From Dangerhouse to Touch & Go to Sub Pop to Flying Nun, and all roads in between, savvy labels have used the EP to great effect as a way to introduce artists on a less risky, mid-sized platform for decades. With an immediacy that flies in the face of the LP’s “grand concept,” EPs are designed to act as a short, sharp shock to the system that can serve as a musical snapshot as opposed to an LP’s fuller picture.

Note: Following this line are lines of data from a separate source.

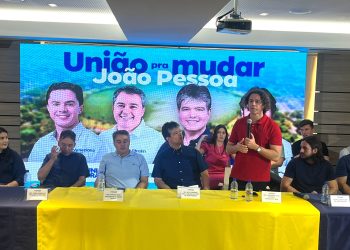 Veneziano anuncia apoio à pré-candidatura de Ruy a prefeito de João Pessoa e ao lado de Efraim Filho destaca “coerência e união” do grupo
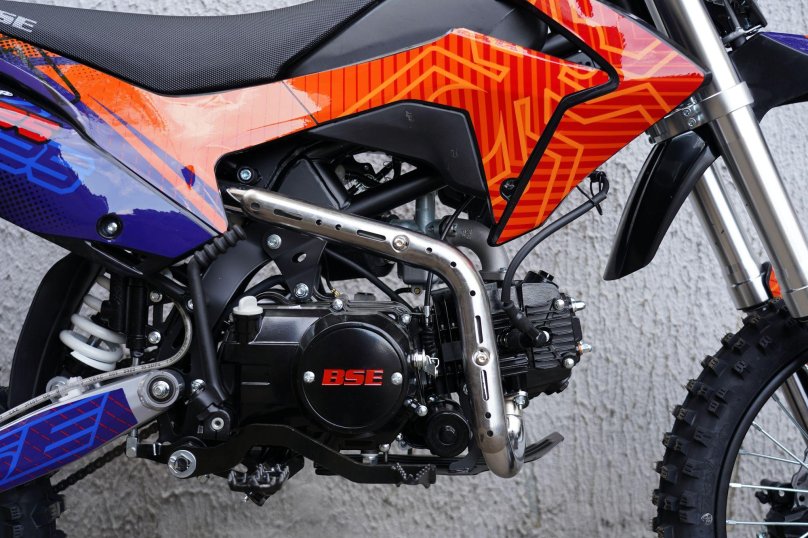 Бсе екс 125 е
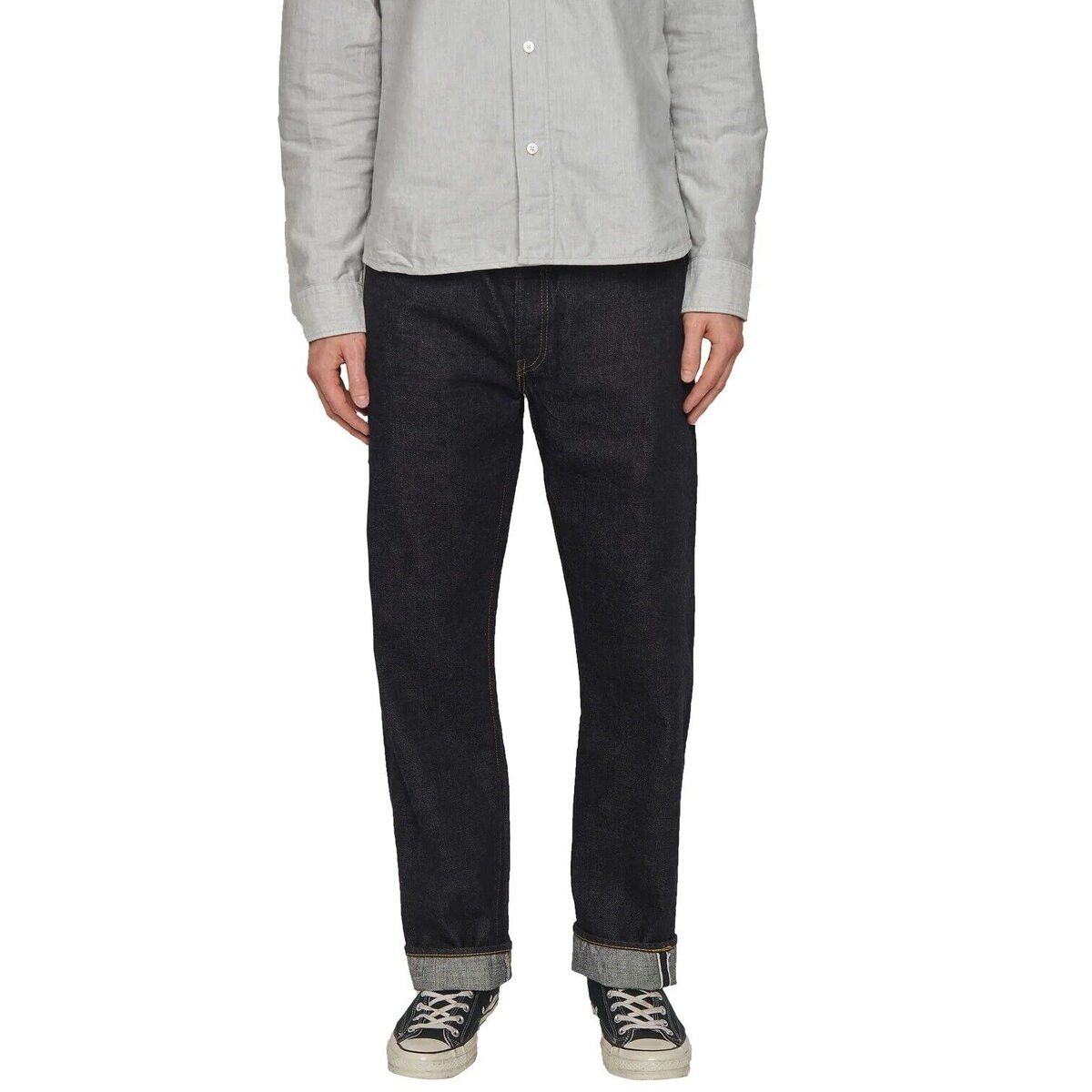 Full Count & Co. Full Count 1101XX Straight 15.5oz Japanese Selvedge Denim Size US 29 - 7 Thumbnail
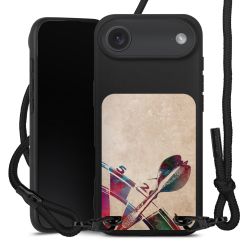 Carry Case Black Line Fabric black/matt black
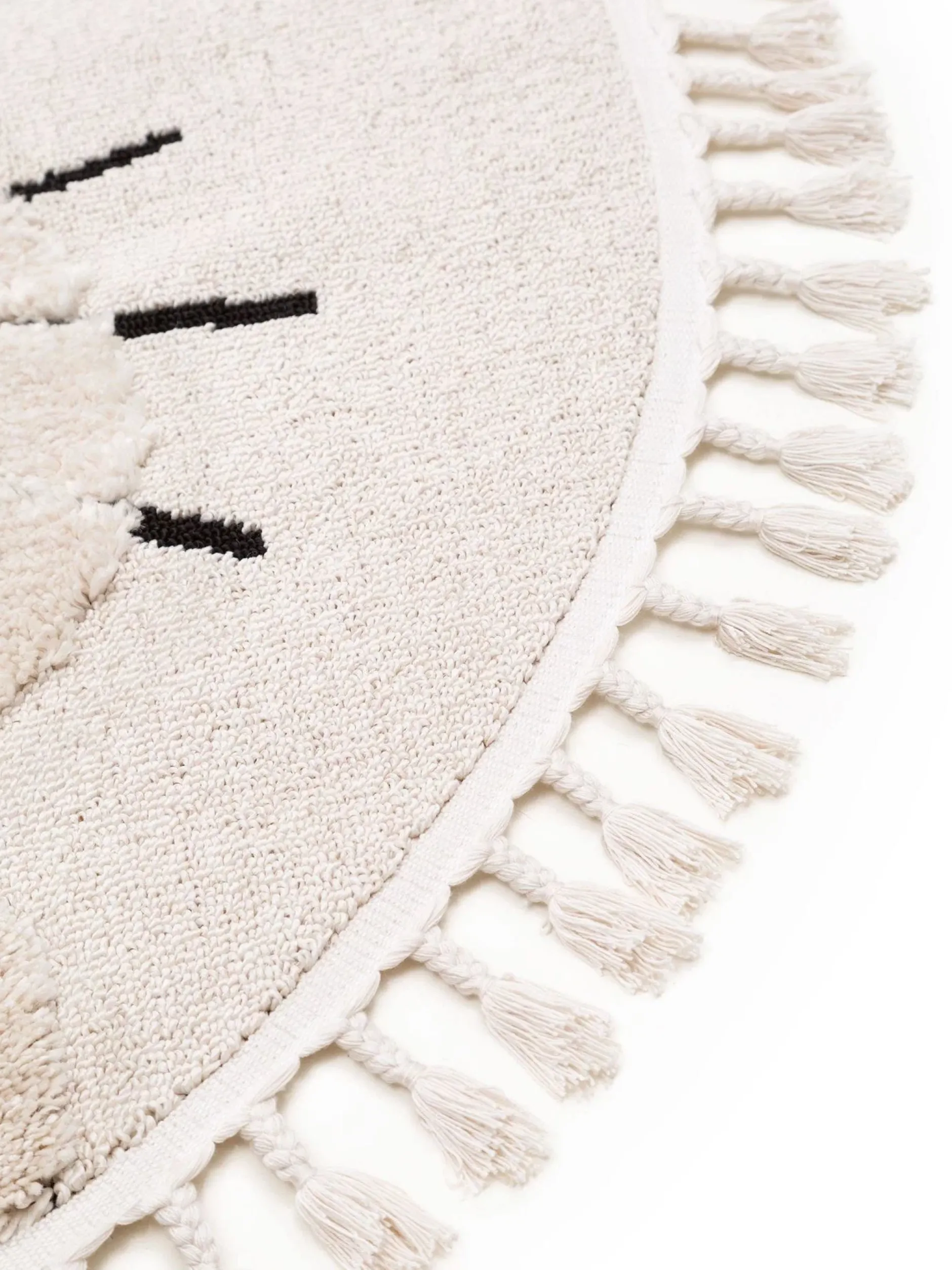 Design Kinderteppich Momo Beige XII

An Ideal For Living shows how the format developed and how it took on a life of its own, from early jazz & rock ’n’ roll through the beat & psychedelic rock era, the ascendance of punk, new wave, and post-punk, into the alternative/indie rock era, and ultimately the modern age. With a catalog of 200 EPs (the top 25 per decade from the 1950s to the present) topped off by a list of the 25 greatest ever recorded in any era, and a list of 13 noteworthy “almost made it” EPs, the book makes the case for treating the EP as artistically significant as LPs, singles, or any other format in our increasingly streaming-dominated and less-physically-oriented environment.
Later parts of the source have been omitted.